___ Entries supplied ___
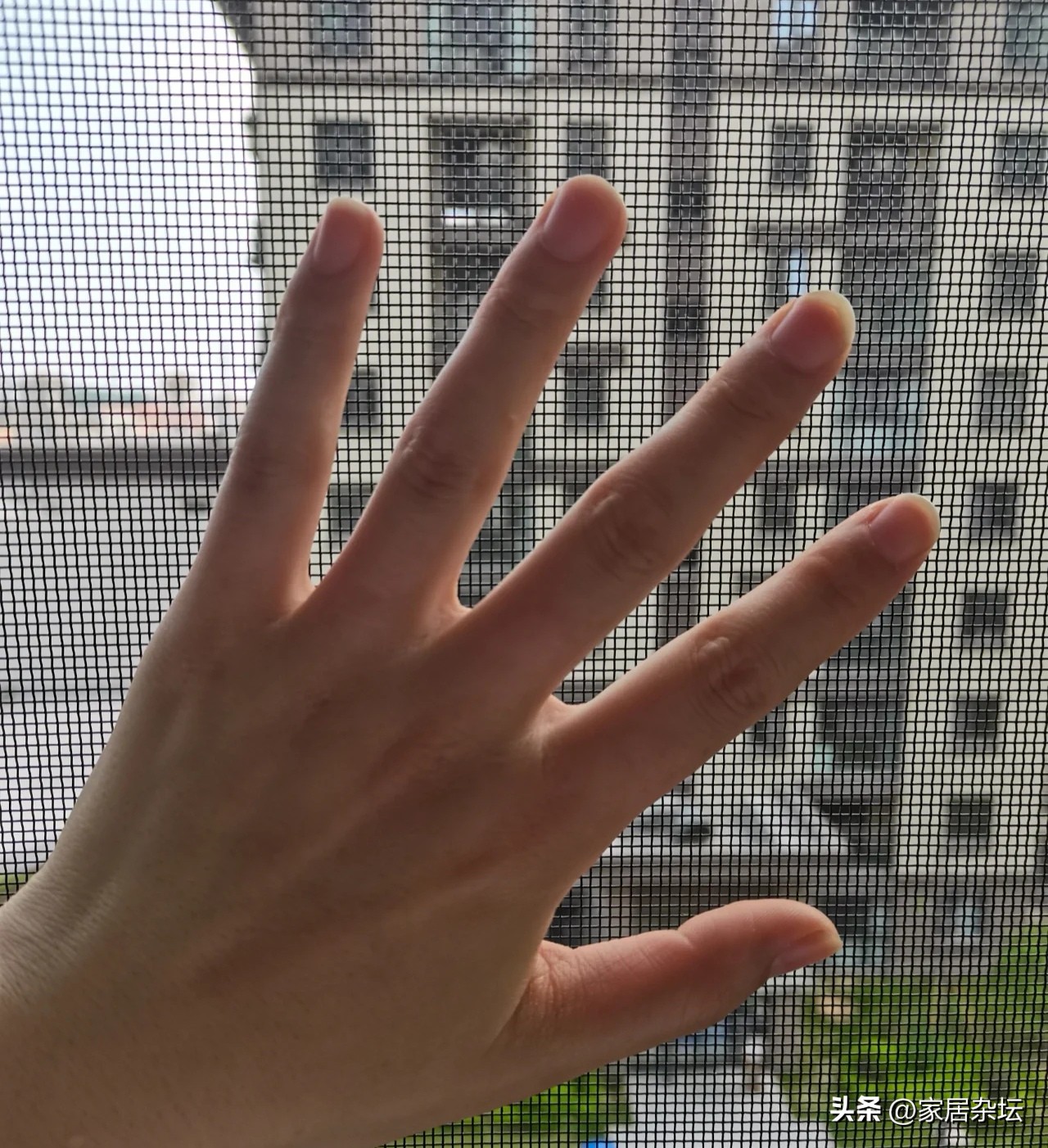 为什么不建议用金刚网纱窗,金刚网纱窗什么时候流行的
___
___ Entries supplied ___
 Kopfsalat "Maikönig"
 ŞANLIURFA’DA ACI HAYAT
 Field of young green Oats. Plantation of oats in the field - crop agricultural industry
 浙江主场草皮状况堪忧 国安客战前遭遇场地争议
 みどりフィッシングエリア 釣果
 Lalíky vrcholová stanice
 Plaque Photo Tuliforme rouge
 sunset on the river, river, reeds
___
Aim of the task: For the material above, reproduce exactly the lines from the line with "ŞANLIURFA’DA ACI HAYAT" to the line with "sunset on the river, river, reeds", inclusive, and exclude all others.

Written solution:
 ŞANLIURFA’DA ACI HAYAT
 Field of young green Oats. Plantation of oats in the field - crop agricultural industry
 浙江主场草皮状况堪忧 国安客战前遭遇场地争议
 みどりフィッシングエリア 釣果
 Lalíky vrcholová stanice
 Plaque Photo Tuliforme rouge
 sunset on the river, river, reeds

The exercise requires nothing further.